Marcus Griffin

No. 35
- Position: Safety

Personal information
- Born: January 4, 1985 (age 41) Austin, Texas, U.S.
- Listed height: 5 ft 10 in (1.78 m)
- Listed weight: 201 lb (91 kg)

Career information
- High school: Austin (TX) Bowie
- College: Texas (2003–2007)
- NFL draft: 2008: undrafted

Career history
- Minnesota Vikings (2008)*;
- * Offseason or practice squad member only

Awards and highlights
- BCS national champion (2005); First-team All-Big 12 (2007);

= Marcus Griffin =

American football player (born 1985)

Marcus Kevin Griffin (born January 4, 1985) is an American former football safety.

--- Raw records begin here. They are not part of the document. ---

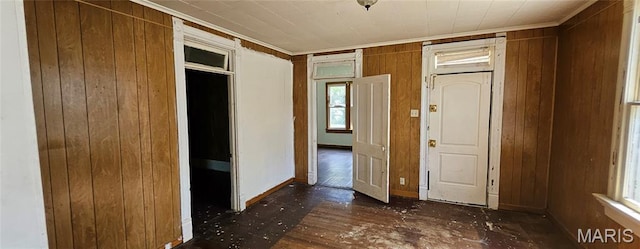 718 2nd St W, Scott City, MO 63780 - unfurnished bedroom with crown molding, wooden walls, and wood finished floors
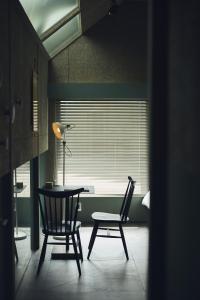 a room with a table and two chairs and a lamp at At Hotel ORTO in Fukuoka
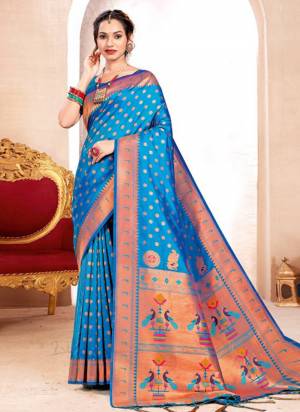Attractive These Fastive And Party Wear Saree in Fine Colored.These Saree And Blouse is Fabricated On Paithani Silk.Its Beautified With Heavy Woven Meenakari Designer.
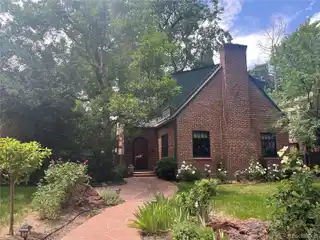 Charming Tudor Home Situated on a Picturesque Hilltop Street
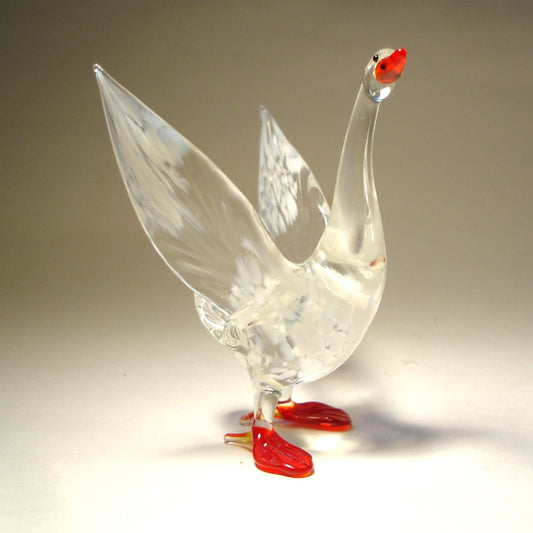 Glass Goose figurine made with clear and white glass flapping it's wings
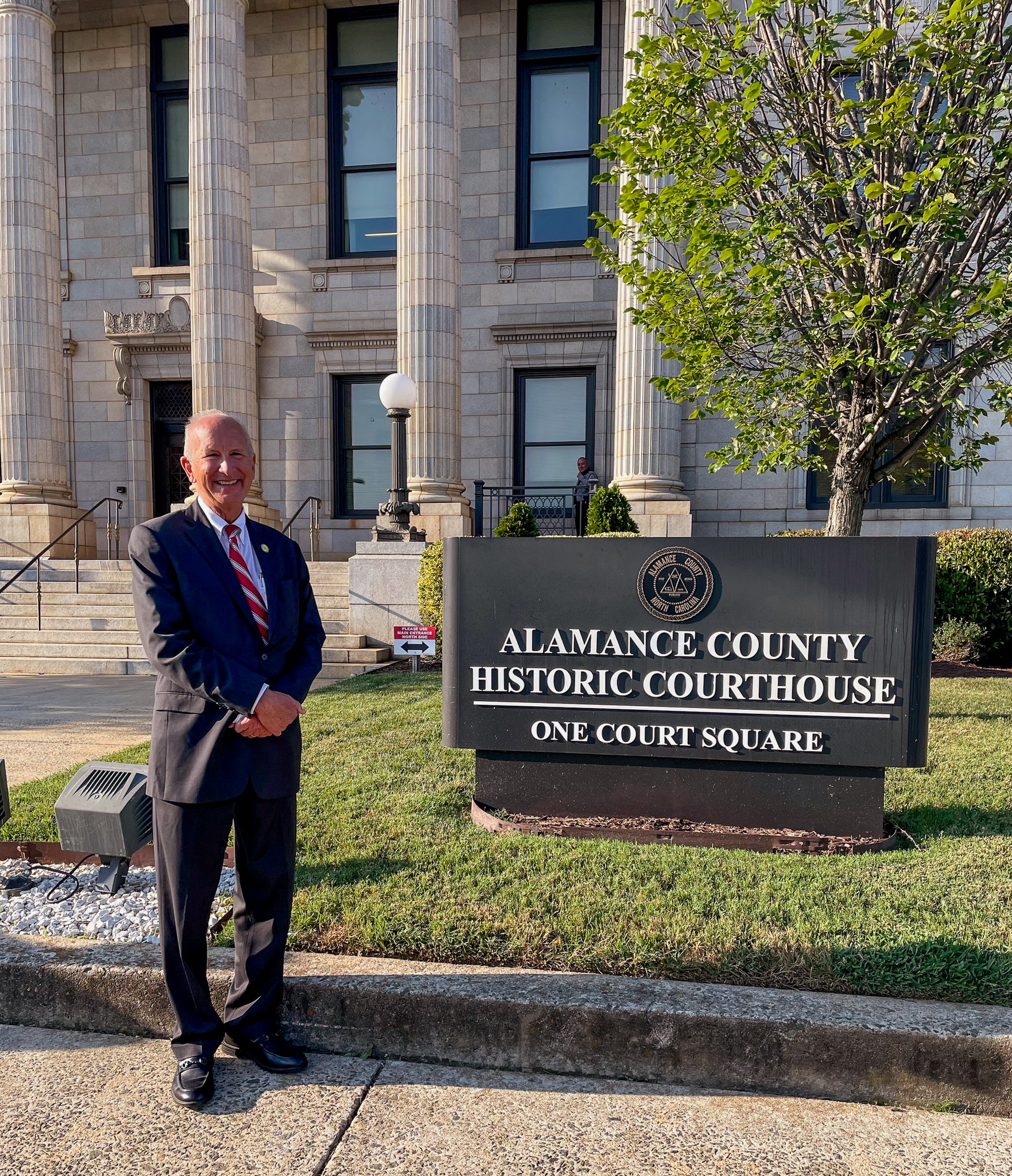 Chief Justice Newby in front of the Alamance County Courthouse in Graham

He played college football at the University of Texas and entered the 2008 NFL draft; however, he went unselected. Griffin was signed as an undrafted free agent by the Minnesota Vikings on April 28, 2008, but subsequently waived on June 30, 2008. He has a twin brother Michael, who played with him at Texas.

==Early life==
Griffin attended Bowie High School where he was coached by Jeff Ables. As a senior, he earned Austin American-Statesman All-Central Texas honors as a defensive back and was first team All-district on both offense and defense. He made 82 tackles-including 62 solo, 3 interceptions, and 1 fumble recovery. He also played quarterback. As a quarterback he threw for 1028 yards and rushed for 560.

==College career==
Griffin was a walk-on at UT in 2003. The 5th year strong safety had a great first year as a starter as he earned UT's Outstanding Defensive Newcomer Award. In all 5 years in college, he had 227 tackles, 6 interceptions and 91 yards.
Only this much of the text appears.